Task input:
Segment Open

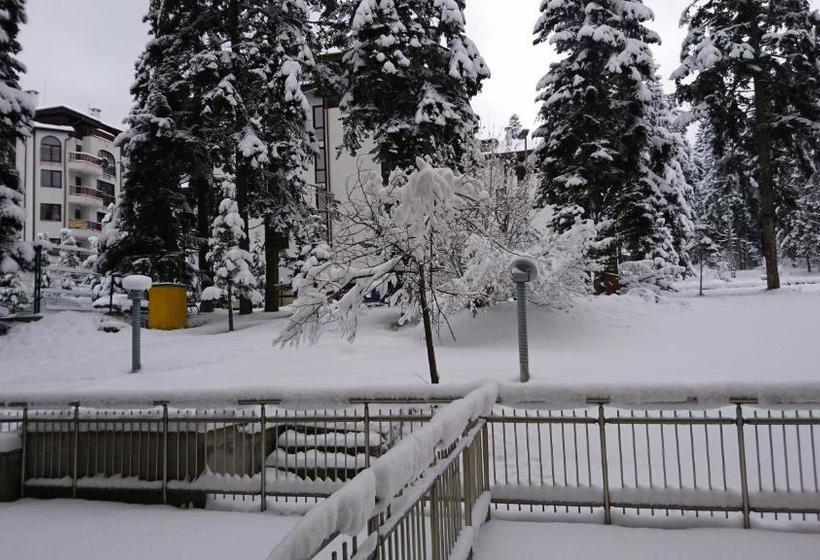 Tes Flora Apartments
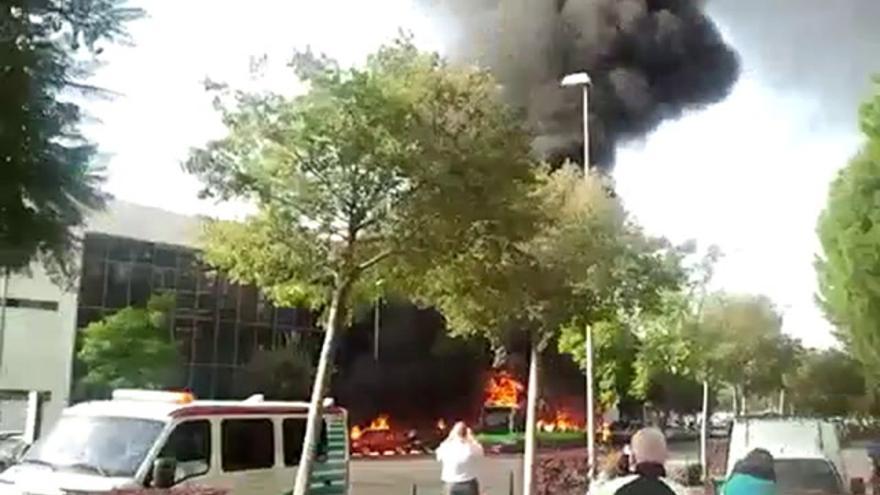 Arde un autobús de Aucorsa en el centro de Córdoba (5)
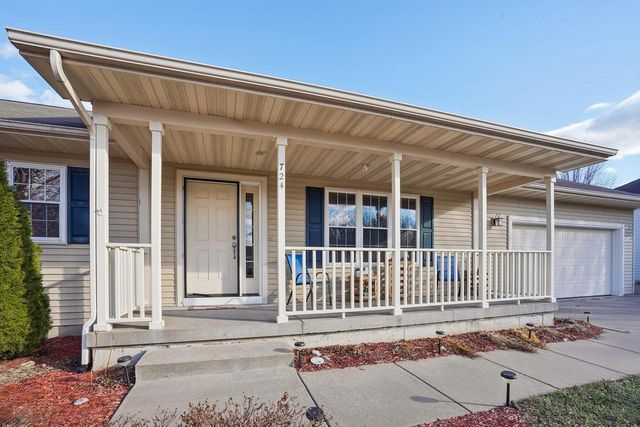 724 Eastridge Drive, Reedsburg, WI 53959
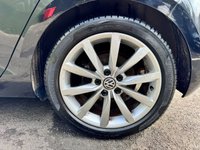 USED 2013 13 VOLKSWAGEN GOLF 1.4 TSI BlueMotion Tech ACT GT Hatchback 5dr Petrol DSG Euro 6 (s/s) (140 ps) 1 OWNER + LOW TAX + HEATED LEATHER + NAVIGATION +10 SERVCIE STAMPS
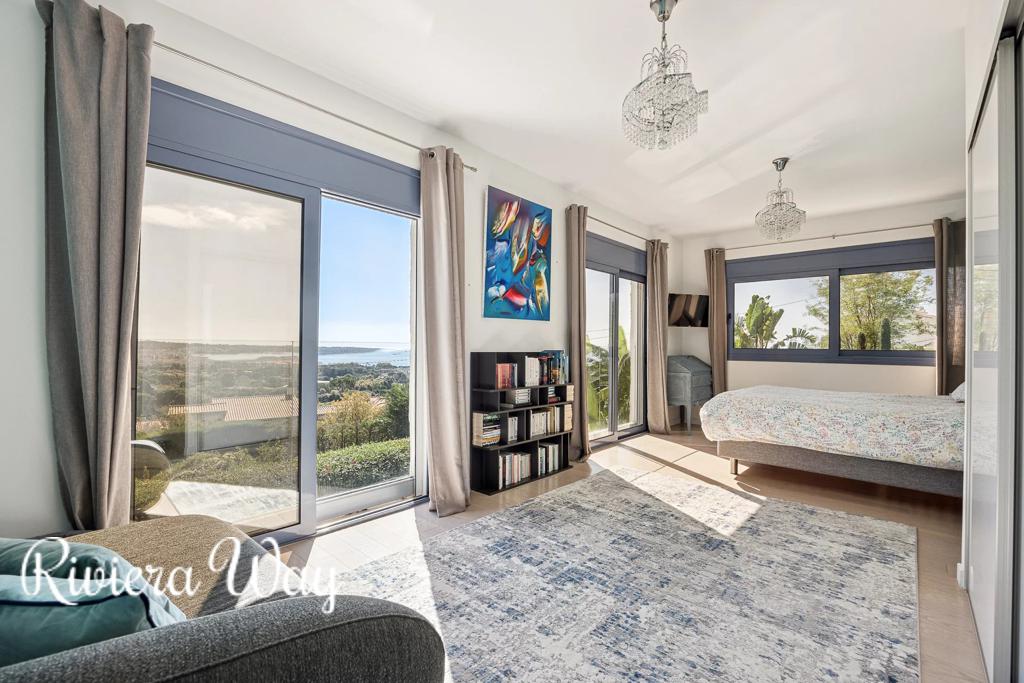 5 room villa in Cannes, photo #4, listing #104187132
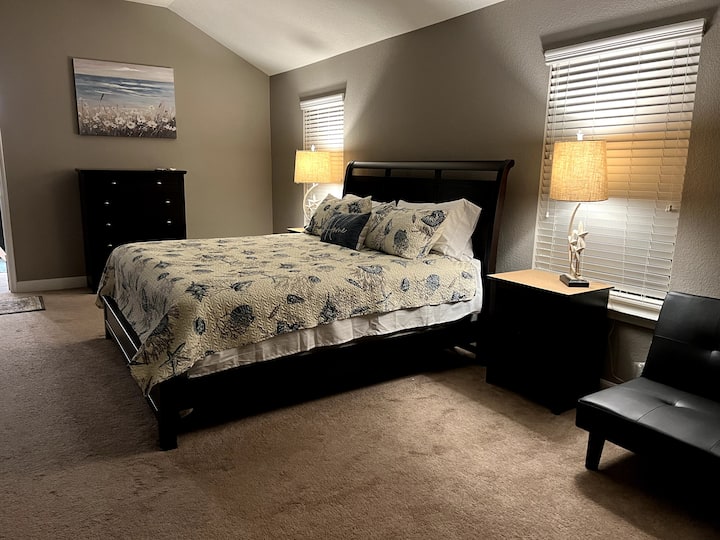 Velika glavna spavaća soba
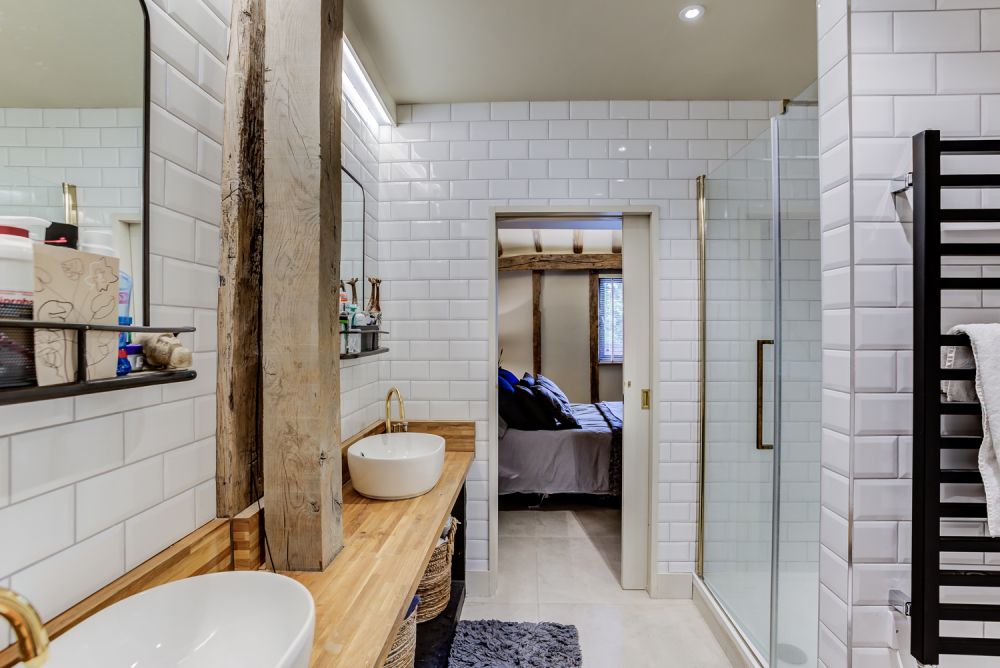 salle de bain avec poutres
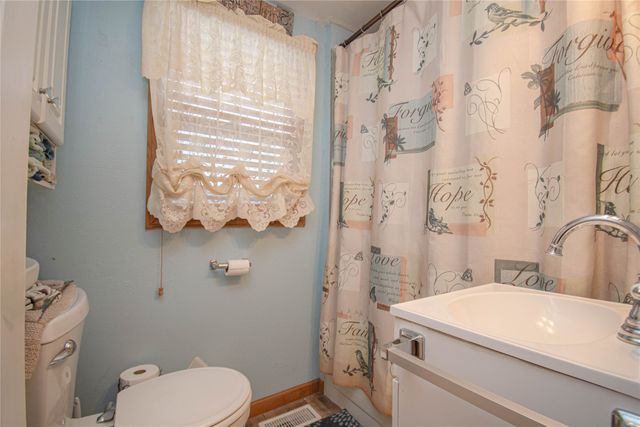 1133 Prairie Street, Adel, IA 50003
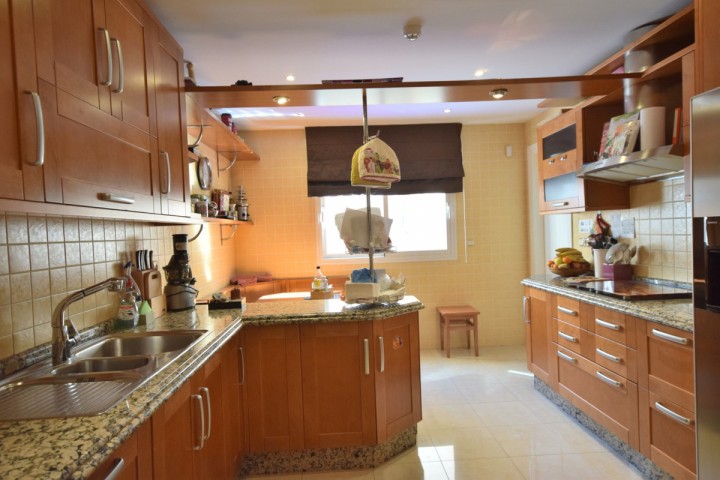4 Bedroom Apartment in The Golden Mile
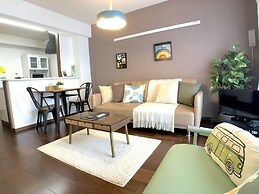 Luana Lea Karate Kaikan Mae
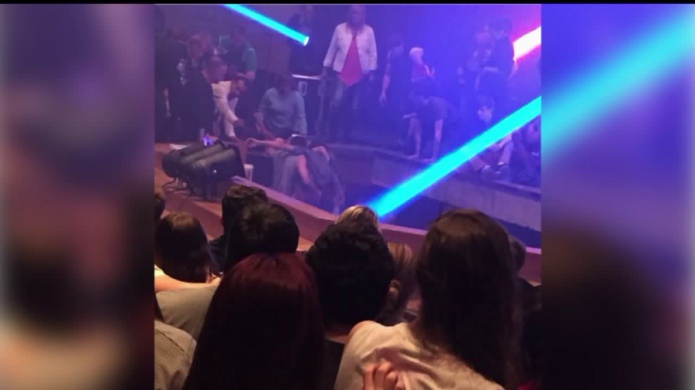 Video: Una tarima colapsa en pleno concierto causando lesiones a varias personas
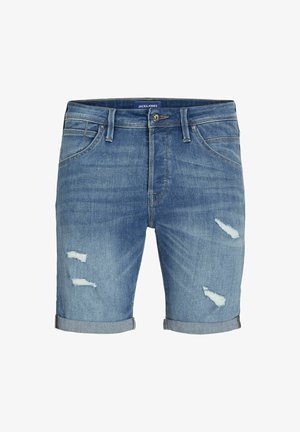 Lichtblauwe denim shorts met een verstoord ontwerp, voorzien van gescheurde accenten en opgerolde boorden. Branding zichtbaar op de tailleband.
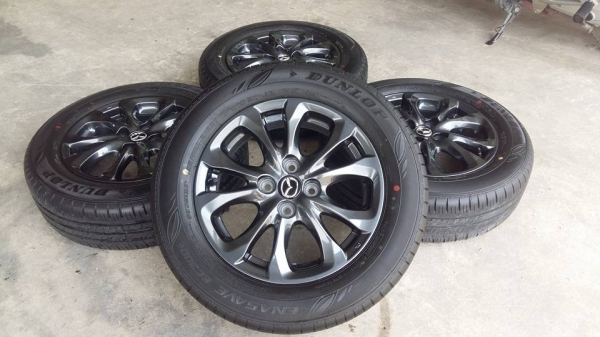 ขายล้อแม็กป้ายแดง mazda 2 15" ยางปี17 สนใจติดต่อร้าน ก.เจริญการยางครับ 081-3747940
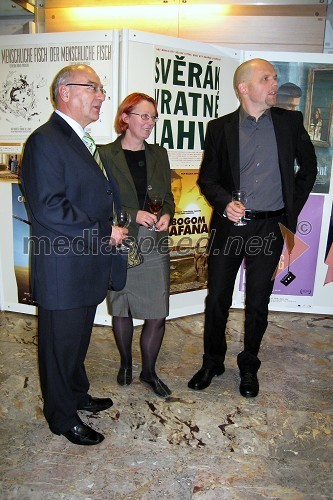 Mitja Rotovnik, direktor Cankarjevega doma, Lilijana Stepančič, direktorica MGLC (Mednarodni grafični likovni center) in Simon Popek, programski direktor festivala Liffe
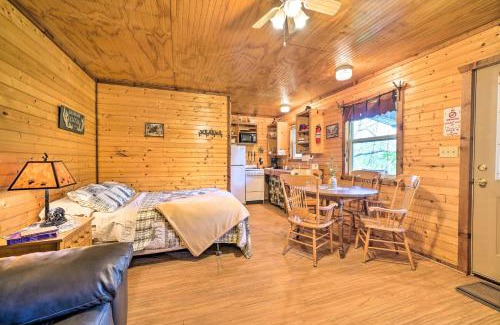 Davis Casa | Cedar Falls Cabin 5 half Mile to Turner Falls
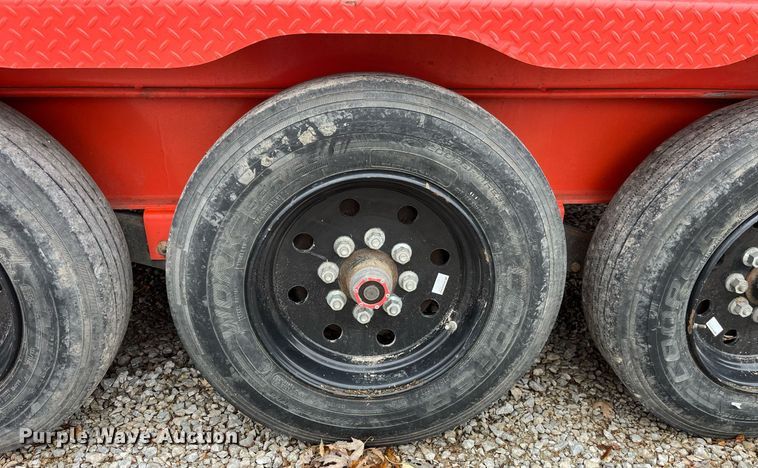 image for item LD9876 2021 Road Clipper 46UFU2034M1237893  dump trailer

Segment Closed

Problem:
Reproduce all entries above exactly, minus the images.

Response area:
 Tes Flora Apartments
 Arde un autobús de Aucorsa en el centro de Córdoba (5)
 724 Eastridge Drive, Reedsburg, WI 53959
 USED 2013 13 VOLKSWAGEN GOLF 1.4 TSI BlueMotion Tech ACT GT Hatchback 5dr Petrol DSG Euro 6 (s/s) (140 ps) 1 OWNER + LOW TAX + HEATED LEATHER + NAVIGATION +10 SERVCIE STAMPS
 5 room villa in Cannes, photo #4, listing #104187132
 Velika glavna spavaća soba
 salle de bain avec poutres
 1133 Prairie Street, Adel, IA 50003
4 Bedroom Apartment in The Golden Mile
 Luana Lea Karate Kaikan Mae
 Video: Una tarima colapsa en pleno concierto causando lesiones a varias personas
 Lichtblauwe denim shorts met een verstoord ontwerp, voorzien van gescheurde accenten en opgerolde boorden. Branding zichtbaar op de tailleband.
 ขายล้อแม็กป้ายแดง mazda 2 15" ยางปี17 สนใจติดต่อร้าน ก.เจริญการยางครับ 081-3747940
 Mitja Rotovnik, direktor Cankarjevega doma, Lilijana Stepančič, direktorica MGLC (Mednarodni grafični likovni center) in Simon Popek, programski direktor festivala Liffe
 Davis Casa | Cedar Falls Cabin 5 half Mile to Turner Falls
 image for item LD9876 2021 Road Clipper 46UFU2034M1237893  dump trailer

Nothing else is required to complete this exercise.